Here is how you can obtain the data from the pipeline using luigi. This pipeline will download the data from the UniProt database, and will process it to obtain the data used in the project. This will generate several files in the working directory, some are intermediate files, other are the final division into training, validation and test sets. The final files are the ones that will be used in the next steps of the pipeline.

The steps of this pipeline are the following:

  1. Download of UniProt data.
  2. Scraping of UniProt enzymes.
  3. Filter UniProt enzymes with UniRef90 cluster representatives.
  4. Enrich underrepresented EC classes with TrEMBL data.
  5. Generate a multi-label binary matrix for the resultant dataset.
  6. Underrepresented classes removal.
  7. Temporary EC numbers removal (e.g. EC 3.5.1.n3)
  8. Split the data with a division of 60/20/20.

As for the intermediate files, those are the following:

  • uniprot_sprot.xml.gz - SwissProt raw data.
  • uniprot_trembl.xml.gz - TrEMBL raw data.
  • uniref90.xml.gz - UniRef90 raw data.
  • trembl_prot_ec.csv - TrEMBL enzymes with the respective assigned EC number.
  • swiss_prot_ec.csv - SwissProt enzymes with the respective assigned EC number.
  • trembl_prot_ec_filtered.csv - TrEMBL enzymes filtered with UniRef90 cluster representatives.
  • swiss_prot_ec_filtered.csv - SwissProt enzymes filtered with UniRef90 cluster representatives.
  • dataset_enriched.csv - Dataset with SwissProt enzymes enriched with TrEMBL.
  • dataset_binarized.csv - Dataset with a multi-label binary matrix.
  • dataset_binarized_filtered.csv - Dataset with underrepresented classes removed.
  • dataset_binarized_filtered_without_n.csv - Dataset with underrepresented classes and temporary EC numbers removed.
  • train.csv - Training data.
  • test.csv - Test data.
  • validation.csv - Validation data.
from ec_number_prediction.run_data_processing_pipeline import EnzymesPipeline
import luigi

luigi.build([EnzymesPipeline()], workers=1, scheduler_host = '127.0.0.1',
        scheduler_port = 8083, local_scheduler = True)

After this, we shuffled all the datasets for being ready for training and evaluation.
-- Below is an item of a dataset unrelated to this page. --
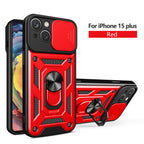 Kickstand Ring Holder With Slide Camera Cover Tpu Magnetic Car Mount For Apple Iphone 15 Plus In Red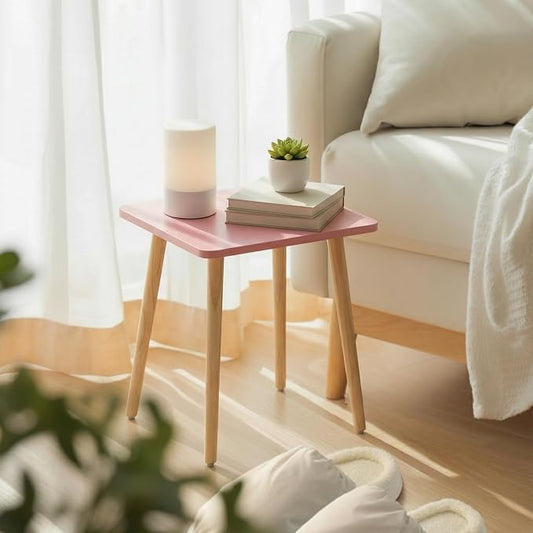 FORAOFUR Small Accent Table, Modern Mini Coffee Table with Natural Wood Legs, Quick Assembly End Furniture for Bedroom Living Area Sofa, Minimalist Design for Nuresery and Compact Homes, Pink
Here's an example:

import pandas as pd

training_data = pd.read_csv("train.csv")
training_data = training_data.sample(frac = 1)
training_data.to_csv("train_shuffled.csv", index=False)

Extract features

The following functions will take the data you have in your working directory (please pass its path as input to the following functions) and generate features using ESM, ProtBERT and one-hot encoding.

from ec_number_prediction.feature_extraction.generate_features import generate_esm_vectors, generate_prot_bert_vectors, \
    generate_one_hot_encodings

generate_esm_vectors(esm_function="esm2_t33_650M_UR50D", 
                     save_folder="/home/working_dir", dataset_directory="/home/working_dir/data")

generate_prot_bert_vectors(save_folder="/home/working_dir", dataset_directory="/home/working_dir/data")

generate_one_hot_encodings(save_folder="/home/working_dir", dataset_directory="/home/working_dir/data")

Train models

Training the baselines is also easy:

Train baselines

from ec_number_prediction.train_models.train_baselines import train_dnn_baselines

train_dnn_baselines(model = "esm2_t33_650M_UR50D", working_dir="/home/working_dir/")

Train models

Train models with the specific sets, DeepEC and DSPACE. Note that the set chosen in the following examples is set 1, but you can choose any of the sets 1, 2, 3, 4. Also, note that the model chosen in the following examples is esm2_t33_650M_UR50D, but you can choose any of the models:

  • esm2_t33_650M_UR50D
  • esm1b_t33_650M_UR50S
  • esm2_t30_150M_UR50D
  • esm2_t12_35M_UR50D
  • esm2_t6_8M_UR50D
  • esm2_t36_3B_UR50D
  • prot_bert_vectors
  • esm2_t48_15B_UR50D
from ec_number_prediction.train_models.optimize_dnn import train_dnn_optimization
from ec_number_prediction.train_models.train_deep_ec import train_deep_ec
from ec_number_prediction.train_models.train_dspace import train_dspace 

train_dnn_optimization(set_="1", model = "esm2_t33_650M_UR50D", working_dir="/home/working_dir/")
train_deep_ec(working_dir="/home/working_dir/")
train_dspace(working_dir="/home/working_dir/")

Train models with both training and validation sets

Train models with the training and validation sets merged.

from ec_number_prediction.train_models.optimize_dnn import train_dnn_trials_merged
from ec_number_prediction.train_models.train_deep_ec import train_deep_ec_merged
from ec_number_prediction.train_models.train_dspace import train_dspace_merged 

train_dnn_trials_merged(set_="1", model = "esm2_t33_650M_UR50D", working_dir="/home/working_dir/")
train_deep_ec_merged(working_dir="/home/working_dir/")
train_dspace_merged(working_dir="/home/working_dir/")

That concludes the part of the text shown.